Martin J L, Waksman G, Bardwell J C, Beckwith J, Kuriyan J
Howard Hughes Medical Institute, Rockefeller University, New York, NY 10021.
J Mol Biol. 1993 Apr 5;230(3):1097-100. doi: 10.1006/jmbi.1993.1226.
DsbA is a 21 kDa protein that facilitates disulphide bond formation and is required for the correct folding and stability of a number of exported proteins in Escherichia coli. Crystals of oxidized DsbA have been obtained from polyethylene glycol 8000 (20 to 25%), 0.1 M-cacodylate buffer (pH 6.5) and 1% 2-methyl-2,4-pentanediol. Oxidation of the protein is critical for reproducibly obtaining high quality crystals. The resulting crystals diffract to 2 A and belong to the monoclinic space group C2 with cell dimensions a = 117.5 A, b = 65.0 A, c76.3 A, beta = 126.3 degrees with two molecules in the asymmetric unit.

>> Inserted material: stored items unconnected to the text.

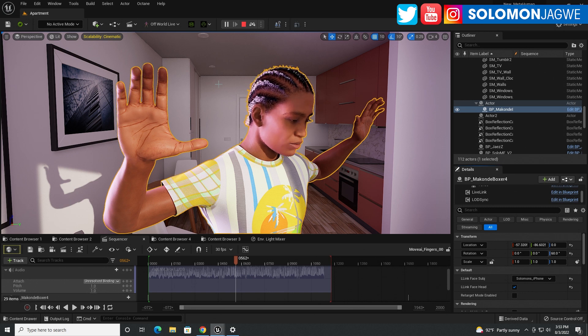Welcome back friends, this is Solomon Jagway. I'm back with another quick insight and today we're going to be talking about Move.ai. The reason I have this hand in your face is because today I want to talk about finger capture — that most difficult thing. When you buy a motion capture suit, one of the things they sell you is the ability to buy gloves so you can capture finger mock-up data from your actor.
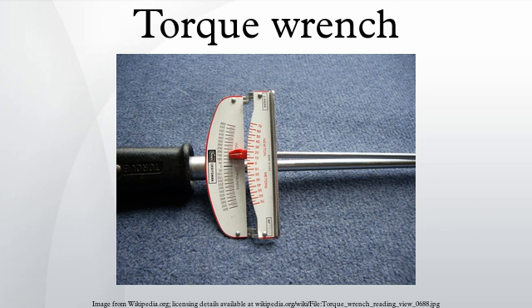This type of wrench is simple, inherently accurate, and inexpensive. The beam type torque wrench was developed in the late 1920s to early 1930s by Walter Percy Chrysler for the Chrysler Corporation and a company known as Micromatic Hone.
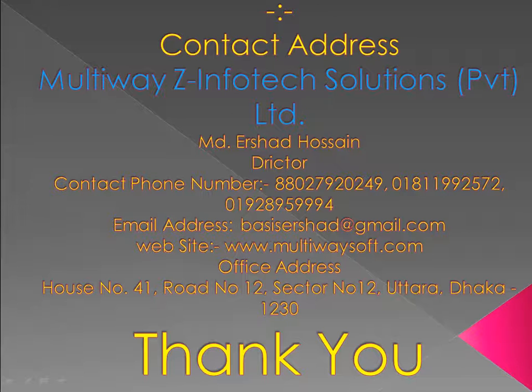Contact: Multiway Z Infotech Solutions Pvt Ltd. Phone: 880-2792-024, 9018-119-9257, 2019-289-599-94. Email: thatsisershot@gmail.com. Website: www.multiwaysoft.com.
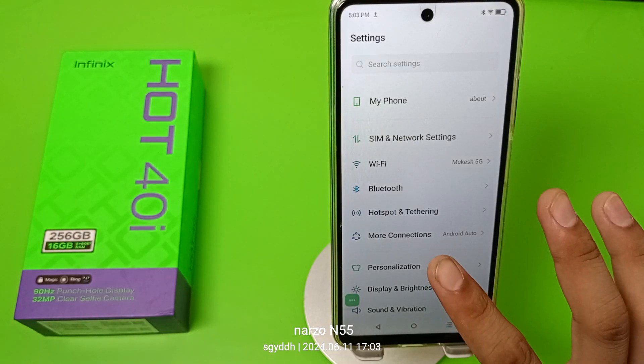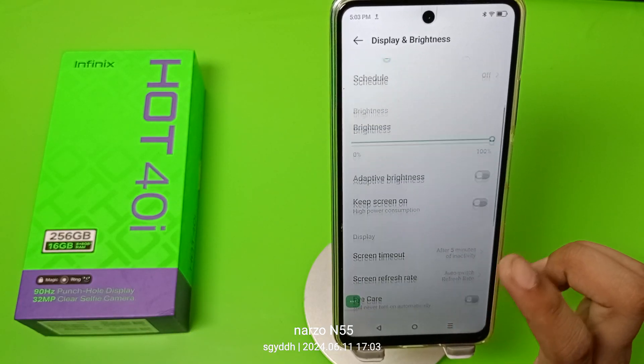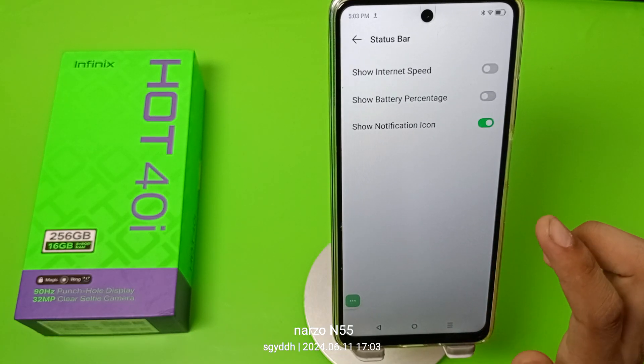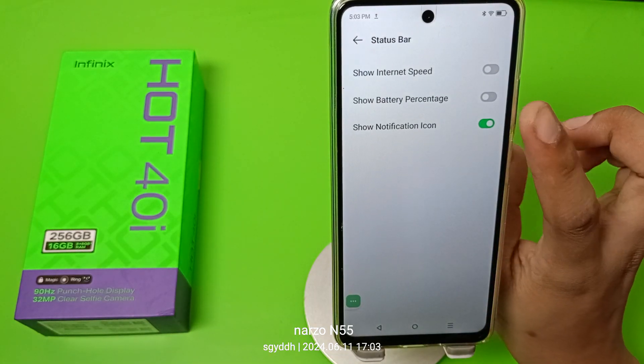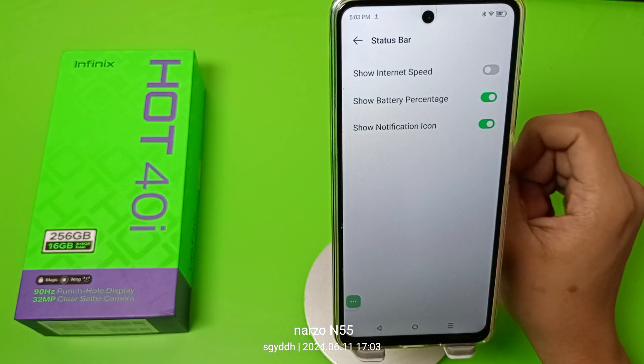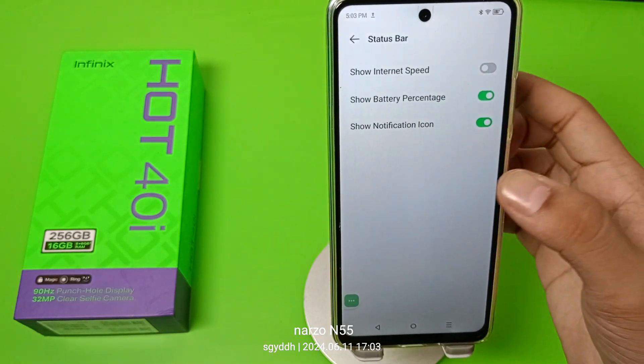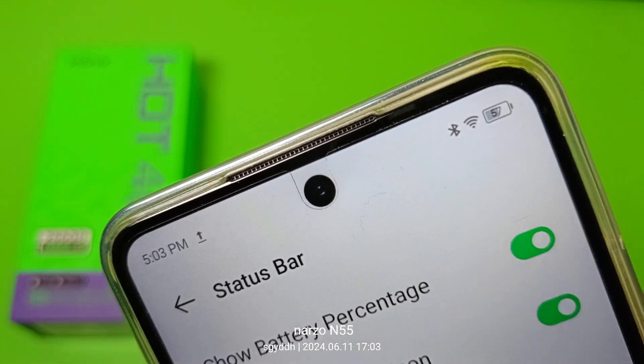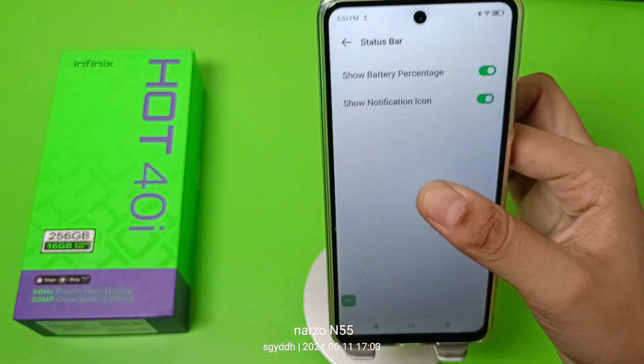Let's start. First, you have to go to Display and Brightness, then swipe down. You'll see a Status Bar option — click on it. Here you'll find the Show Battery Percentage option. Enable it, and you can see the battery percentage is now showing.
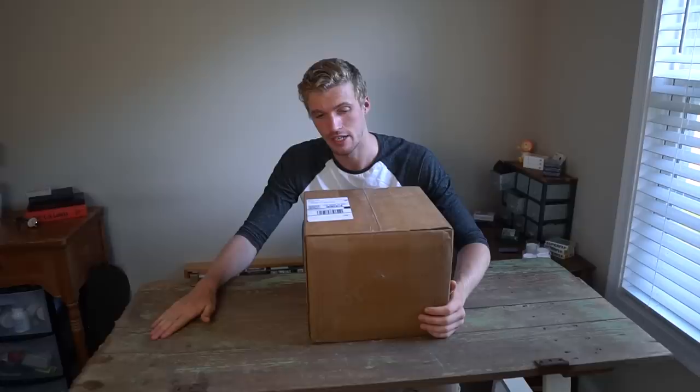Alright guys, I'm gonna level with you — I had a completely different video planned for today, but a completely new video idea was delivered to my doorstep this morning. This is a care package from Kevin Yu, who owns the Riffle Shuffle playing card company and works for Pocopo playing card company.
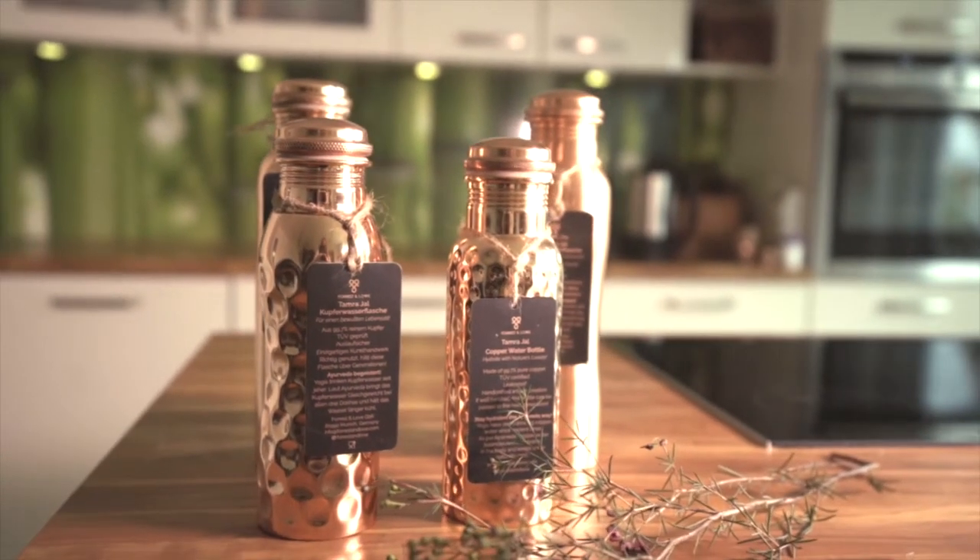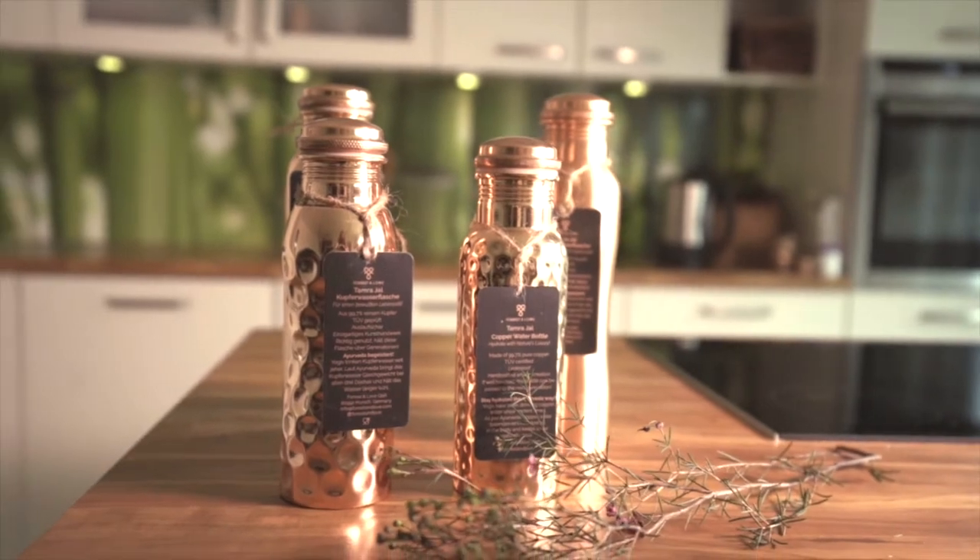Our bottles are made of 99.7% pure copper and thus meant for still water only. Do not store carbonated drinks, juices, or milk products in your copper bottles.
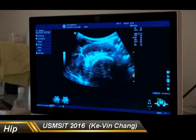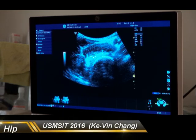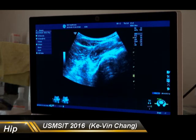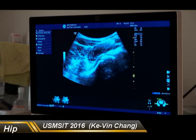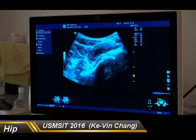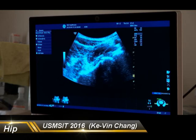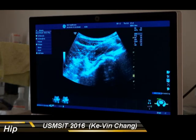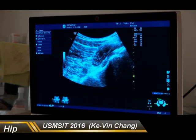Here, we can see that this rounded structure is the femoral head, and the one above is the iliopsoas tendon. Then I change the direction of my probe to make it parallel to the axis of the anterior hip joint. Then we are going to see the acetabulum, labrum, iliopsoas tendon, and the anterior hip recess. If the patient has an effusion, you are going to see this area is extended. If you want to do an injection, you position your probe in this plane and insert from the distal part to the medial part.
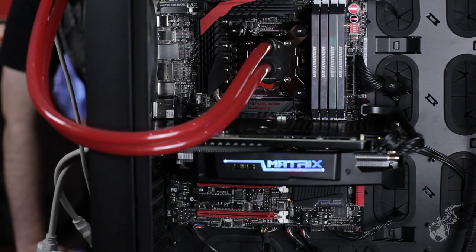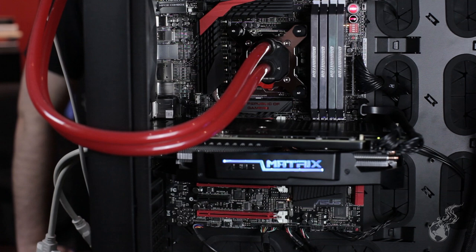All right, what is this? So we've got an unlocked fourth-generation core series processor, the 4770K. We're running that on the Maximus 6 Extreme.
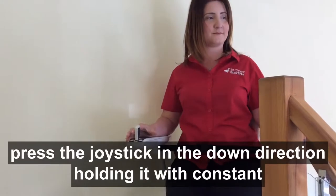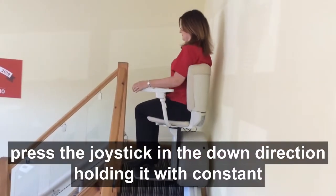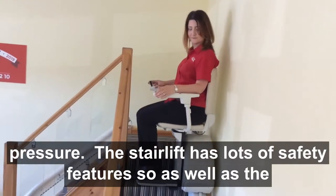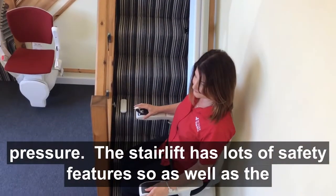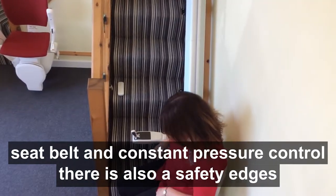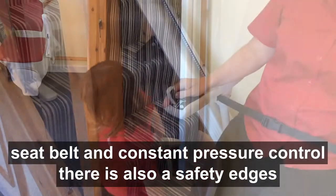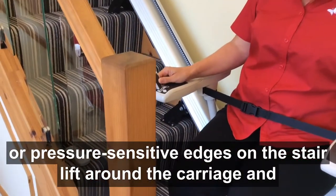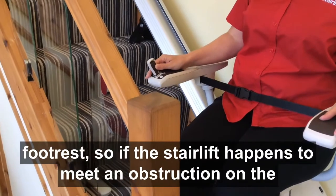To come downstairs, press the joystick in the down direction, holding it with constant pressure. The stairlift has lots of safety features — as well as the seat belt and constant pressure controls, there are also safety edges or pressure-sensitive edges around the carriage and footrest.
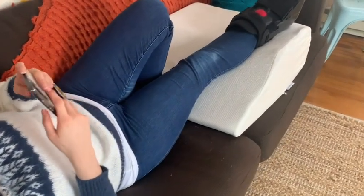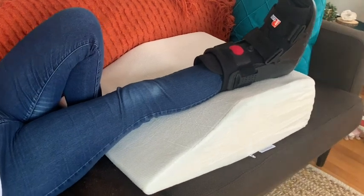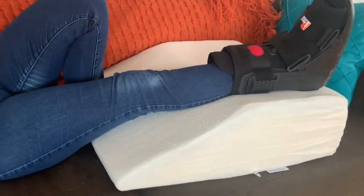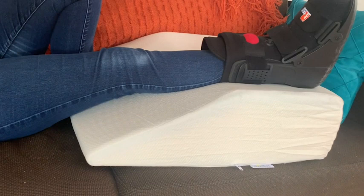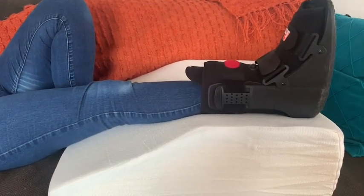Having a heavy cast or boot is uncomfortable and really weighs on the rest of your body. We were most excited that with this wedge you have that support and, most importantly, the comfort you need to rest and heal.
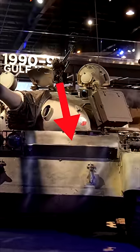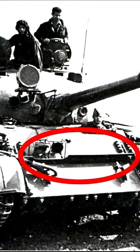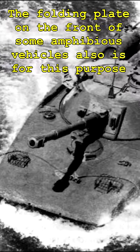Have you ever noticed this extra plate mounted to the front of some tanks? This is commonly seen on Soviet tanks such as the T-55 and T-62, but may seem like it serves no purpose other than maybe a step for the crew. You probably wouldn't guess that it's actually there to act as a splash guard when the tank is wading through water.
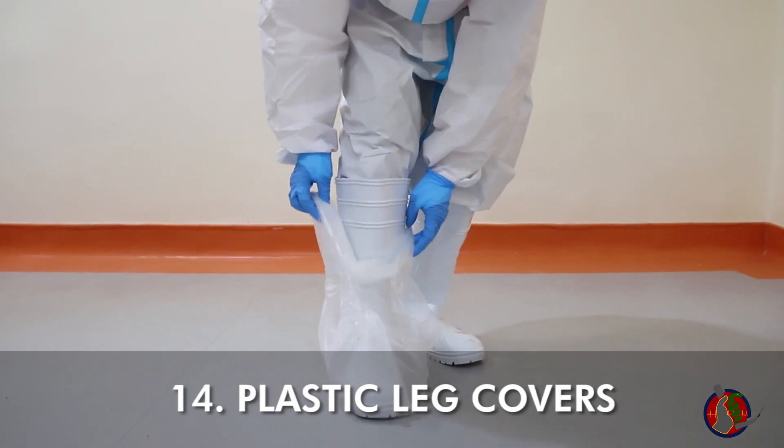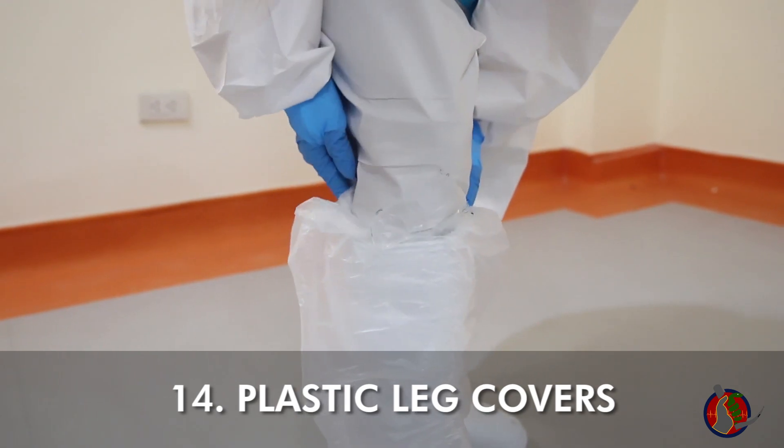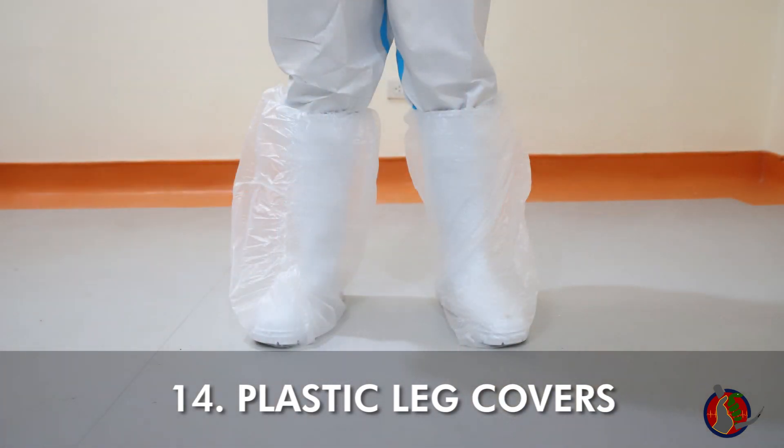Slip on plastic leg covers over rubber boots and tuck the edge of plastic inside the boots. Make sure the edge is not tucked too tight, which would make doffing the plastic covers more difficult.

二硫键异构酶A(DsbA)是一种21 kDa的蛋白质,它促进二硫键的形成,是大肠杆菌中许多输出蛋白正确折叠和稳定所必需的。已从含20%至25%聚乙二醇8000、0.1 M二甲胂酸盐缓冲液(pH 6.5)和1% 2-甲基-2,4-戊二醇中获得氧化型二硫键异构酶A的晶体。蛋白质的氧化对于可重复地获得高质量晶体至关重要。所得晶体的衍射分辨率为2 Å,属于单斜空间群C2,晶胞参数为a = 117.5 Å,b = 65.0 Å,c = 76.3 Å,β = 126.3°,不对称单位中有两个分子。